The cross-validation function cvKRS is written as:

// [[Rcpp::export(name = "cvKRS")]]
NumericVector cvKRS_I(const NumericVector y, const NumericVector x, 
                      const int k, const NumericVector lambdas)
{
  // declare variables and vectors
  int n = y.size();
  NumericVector mse_lambda(lambdas.size());
  NumericVector out(1);
  NumericVector sorted_x(n);
  NumericVector sorted_y(n);
  
  // sort x and y according to the order of x
  IntegerVector order_x = stl_order(x);
  for(int kk=0; kk < n; kk++)
  {
    int ind = order_x[kk]-1;
    sorted_y[kk] = y[ind];  
    sorted_x[kk] = x[ind];
  }
  
  // set up indices to cross-validate for
  IntegerVector idxs = seq_len(k);
  IntegerVector all_idxs = rep_each(idxs, n/k);

  // different lambdas
  for(int jj = 0; jj < lambdas.size(); jj++)
  {
    double lambda = lambdas[jj];
    NumericVector mse(k);
    
    // cross-validation loop
    for(int ii=1; ii <= k; ii++)
    {
      const LogicalVector kvals = all_idxs != ii;
      
      NumericVector y_t = clone(sorted_y);
      NumericVector x_t = clone(sorted_x);
      NumericVector y_cross = y_t[kvals];
      NumericVector x_cross = x_t[kvals];
      NumericVector fit = meanKRS_I(y_cross, x_cross, sorted_x, lambda);
      
      // calculate mean squared error
      NumericVector error = pow((fit[!kvals] - sorted_y[!kvals]), 2);
      mse[ii-1] = mean(error);
    }
    
    // average mean squared error for each value of lambda
    mse_lambda[jj] = mean(mse);
  }
  
  // output lambda which gave the smallest mean squared error
  int best_pos = which_min(mse_lambda);
  out[0] = lambdas[best_pos];
  
  return out;
}

Comments within the function (succeeding a //) give explanation of each section of the function. This function also calls the other function meanKRS by using meanKRS_I. The function was defined as meanKRS_I in the .cpp file, but when exported into R it is defined as meanKRS, based on the comment preceeding the function definition. Both functions were defined within the same file, and so can call one another, provided the function being called is defined first. There is a function used within cvKRS that is not part of base Rcpp functionality: stl_order. This does the same thing as order in base R, but needed to be defined separately.
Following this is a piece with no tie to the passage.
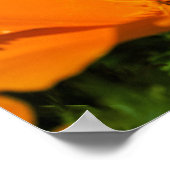 Poster California Poppies (Hoek)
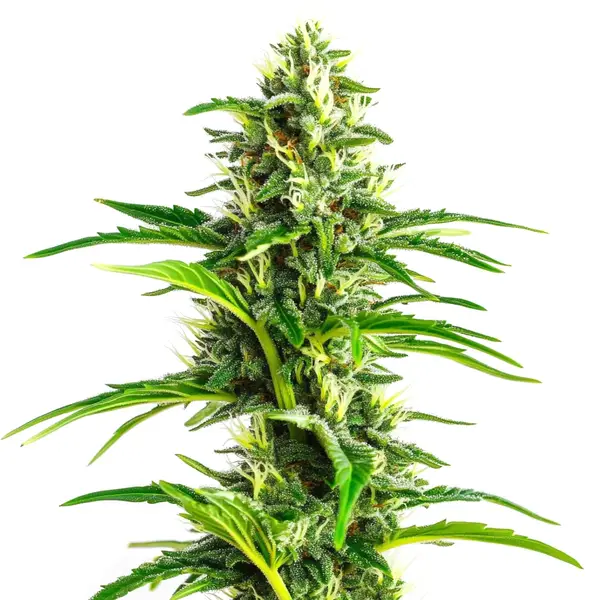 CBD Ratio 1 30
Now that the function is defined, we can call it within R by first loading the Rcpp library and then using the sourceCpp function to source the C++ file, located in the same working directory.

library(Rcpp)
sourceCpp("KRS_cv.cpp")

This is the stage where we would get compilation errors, if there were any. Now we can run the function over a series of \(\lambda\) values and plot the kernel regression over the simulated data for the optimal \(\lambda\) selected by cross-validation.

lambda_seq = exp(seq(log(1e-6),log(100),len=50))
best_lambda = cvKRS(y, x, k = 20, lambdas = lambda_seq)
plot(x, y, pch = 20)
lines(seq(0, 1, len=1000), meanKRS(y, x, seq(0,1,len=1000), best_lambda), 
      col="deeppink", lwd=2)

To compare computational efficiency, we can benchmark speeds against a function written in R (not shown here).

microbenchmark(cvKRS(y, x, k = 20, lambdas = lambda_seq),
               cvKRS_R(y, x, k = 20, lambdas = lambda_seq), 
               times = 5)

## Unit: seconds
##                                         expr      min       lq     mean
##    cvKRS(y, x, k = 20, lambdas = lambda_seq) 2.289333 2.293236 2.660317
##  cvKRS_R(y, x, k = 20, lambdas = lambda_seq) 6.390262 6.629278 7.100683
##    median       uq      max neval
##  2.380029 3.141275 3.197711     5
##  7.481269 7.486666 7.515939     5

So this further exemplifies the significant speed increase that comes with writing in C, or Rcpp. In fact, this function had an average of three times the speed of that of the R function, against the two times speed up the previous function had. This is likely due to using two functions written in C++ (as cross validation calls the original kernel regression function).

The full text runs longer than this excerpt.